On the night of Truman’s 2010 commencement, I parked across the road in the open field we knew as Booz’s Farm, where my mother used to buy tomatoes, sweet corn, and melons from a stand at the intersection. Bloomsdale (Hollywood) was right down the hill, and the parents and siblings of its graduates walked by on the shoulder of the road on their way to the ceremony. I was led to a seat on a stage set down on about the ten-yard line, with the Blue Ridge section of Levittown—Butternut Road, Balsam Road, Bittersweet Drive—just behind me.

  My mother had died about eight months earlier, and my eighty-four-year-old father, in a natty seersucker suit, sat in a reserved section with the school board president, an old friend. It was a cloudless seventy-five degrees. The sun was still in the sky, the humidity blessedly low. I felt happy, and oddly at home.

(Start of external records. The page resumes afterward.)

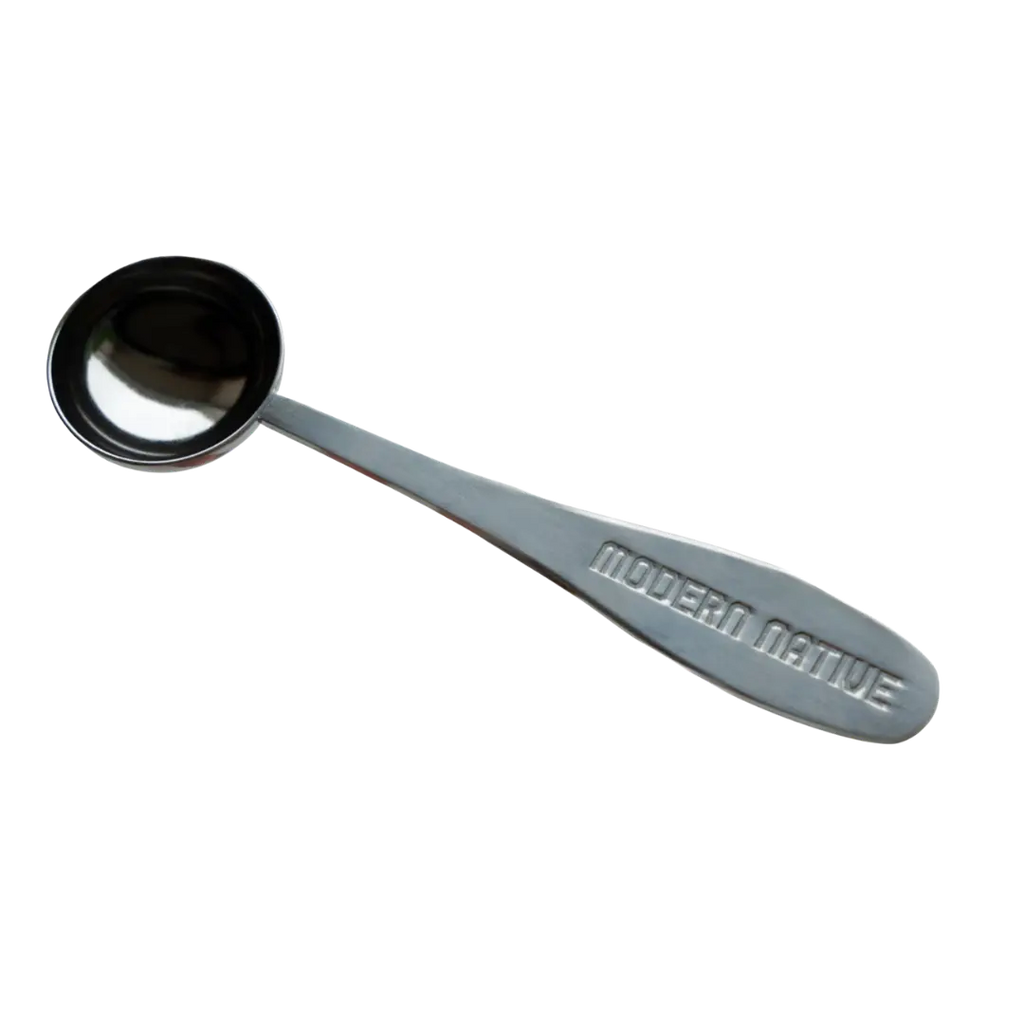 ROSTFREIER MESSLÖFFEL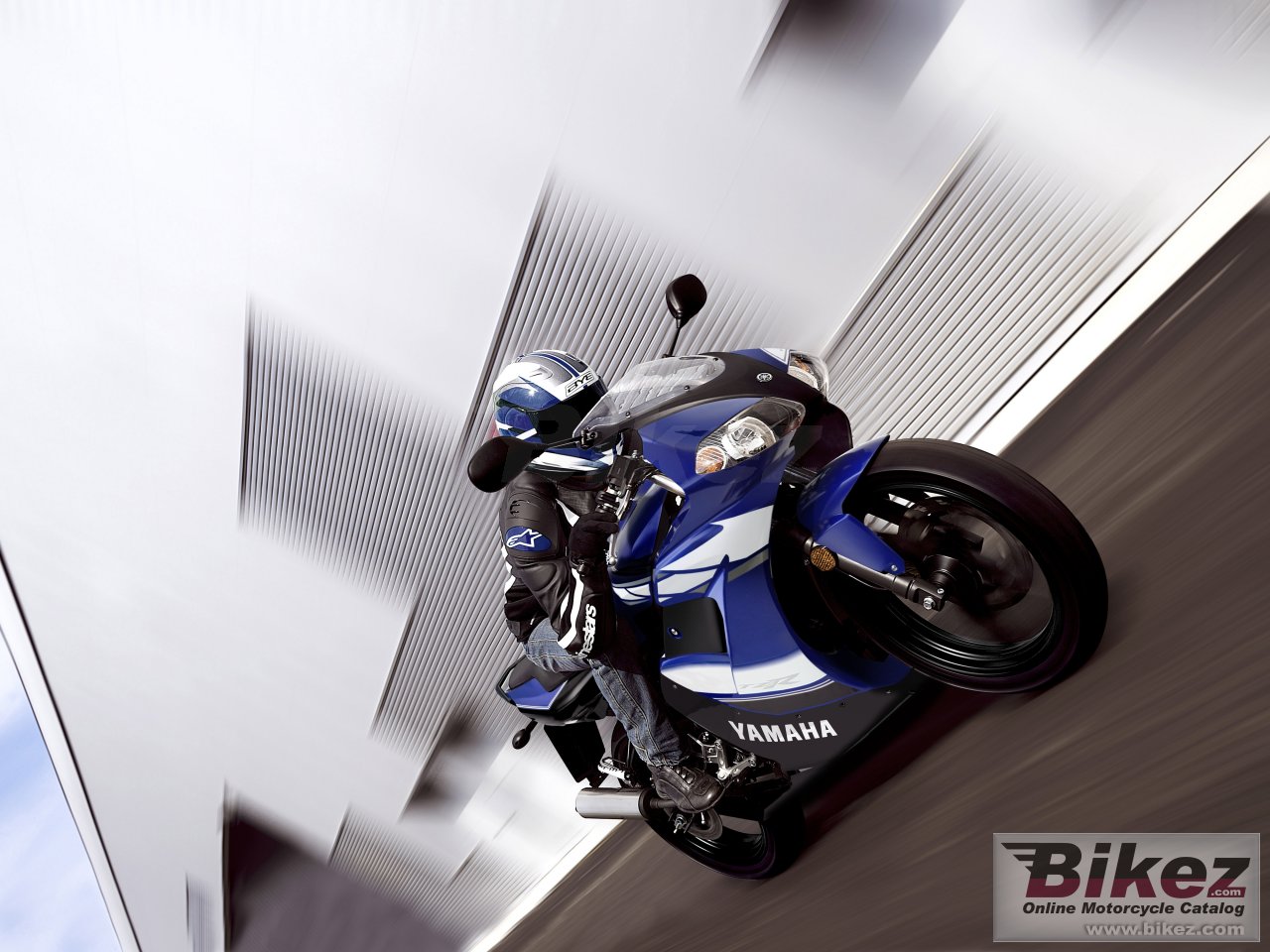 Thumbnail for Yamaha TZR50 2011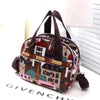 Cross Body Women Bag Summer Fashion Print Handbag Casual - Myluvfit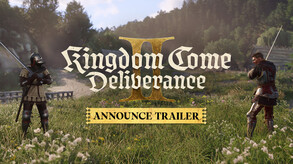 Kingdom Come: Deliverance II - Announcement Trailer ENG/ unrated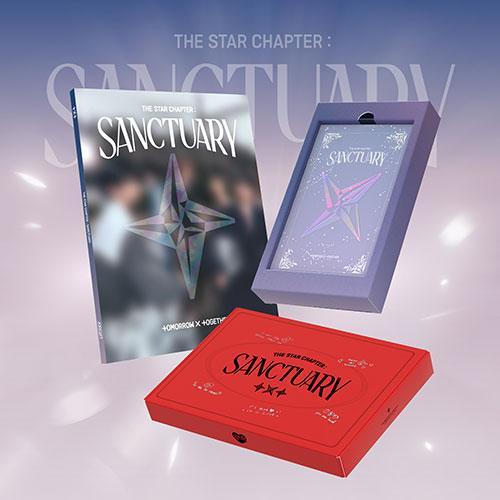 [EXCLUSIVE POB] TXT The Star Chapter: SANCTUARY - KPOP ONLINE STORE USA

  I had been told to speak for no more than five minutes, though three minutes would be better, which seemed perfect to me. At my son’s high school graduation a week earlier, I had listened as a self-important cable news commentator droned on for thirty minutes about the future of the media in a digital world. At Truman that night, I passed along some gentle guidance, advising the graduates not to let go of cherished possessions that might seem childish now that they were passing into the adult world—their baseball gloves, skateboards, stuffed animals, favorite books. Thinking of the many hours I spent coasting around Levittown, talking with my friends and plotting our futures, I said they should hang on to their bicycles—or if they didn’t already have one, buy one. I said something about how everyone should have a passport, which even as the words left my mouth seemed too exotic.